(Beginning of Extracted information)

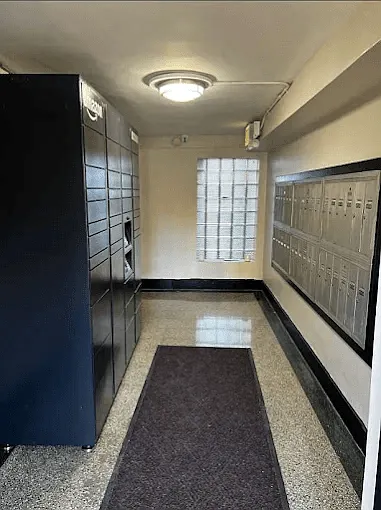 Amazon Lockers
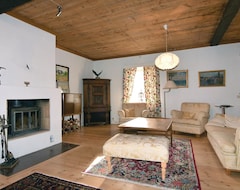 Koko talo/asunto 5 Bedroom Accommodation In Tidaholm (Tidaholm, Ruotsi)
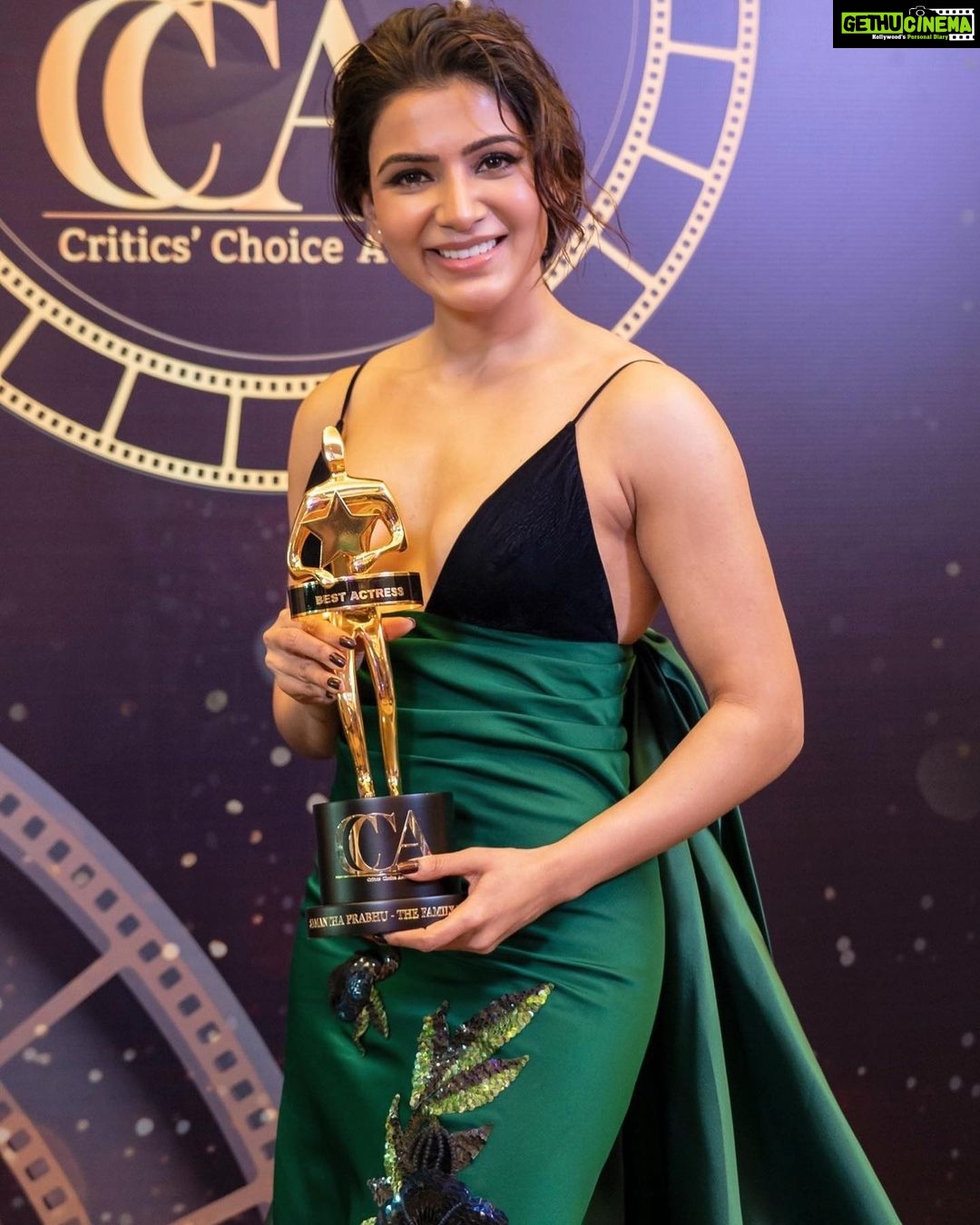 Samantha - 2 Million Likes - Most Liked Instagram Photos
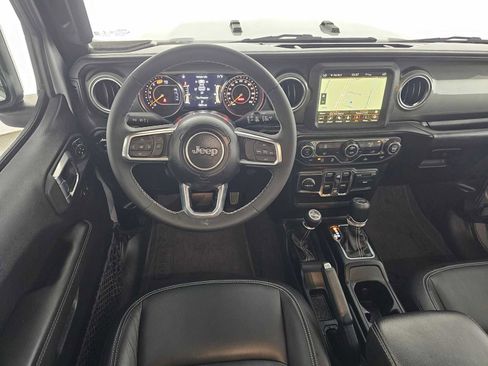 Used 2023 Jeep Wrangler Unlimited Sahara AWD/4WD image 18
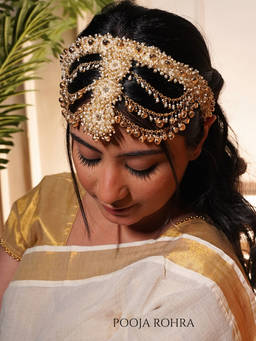 Label Pooja Rohra - Gold Lehriya Headband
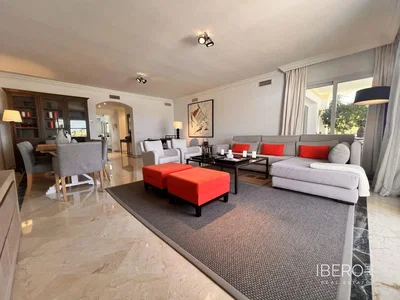 Salón; suelo de baldosas, luz natural, estilo moderno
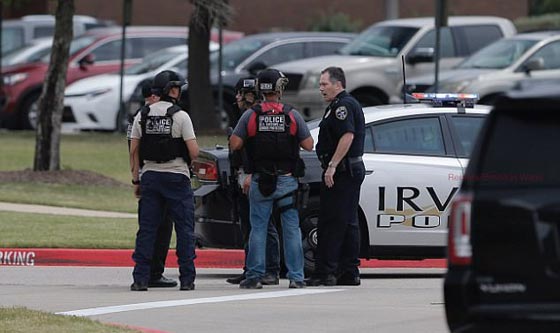 صور وفيديو: فشل علاقة عاطفية وراء اطلاق النار والانتحار في جامعة تكساس  صورة رقم 12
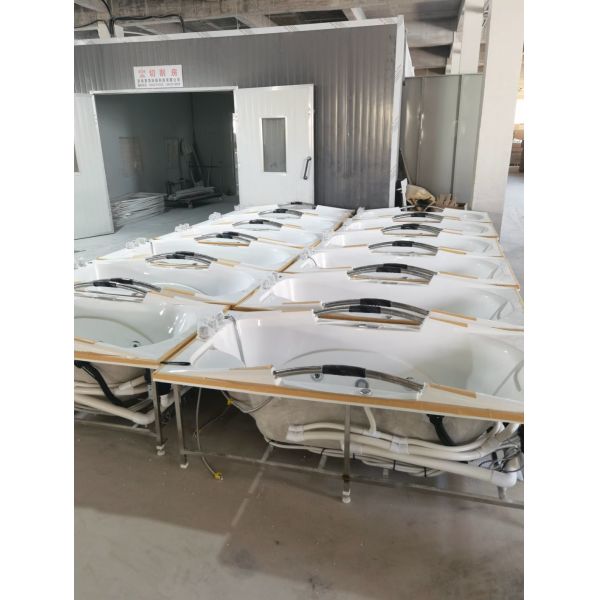 Structure Freestanding Tub Acrylic Massage Whirlpool Bathtub with Handles and Headrest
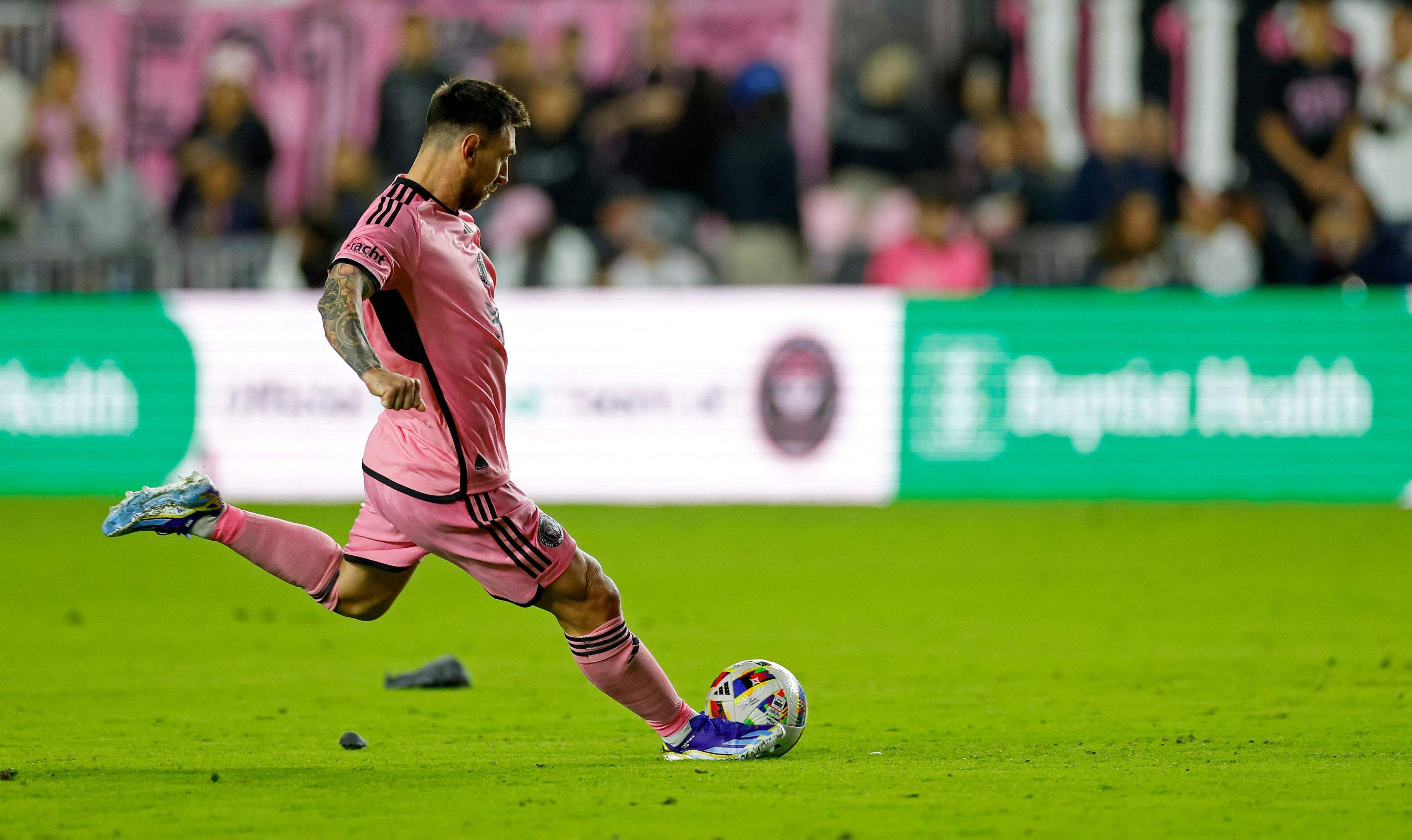 الامارات | على طريقة برشلونة.. هدف ميسي ينقذ ميامي في الوقت القاتل (فيديو)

(End of Extracted information)

Assigned task -
Each line from the one holding "صور وفيديو: فشل" through the final line of the data needs to be transcribed exactly. Include both ends, skip the pictures, and add nothing.

Exercise response -
 صور وفيديو: فشل علاقة عاطفية وراء اطلاق النار والانتحار في جامعة تكساس  صورة رقم 12
 Structure Freestanding Tub Acrylic Massage Whirlpool Bathtub with Handles and Headrest
 الامارات | على طريقة برشلونة.. هدف ميسي ينقذ ميامي في الوقت القاتل (فيديو)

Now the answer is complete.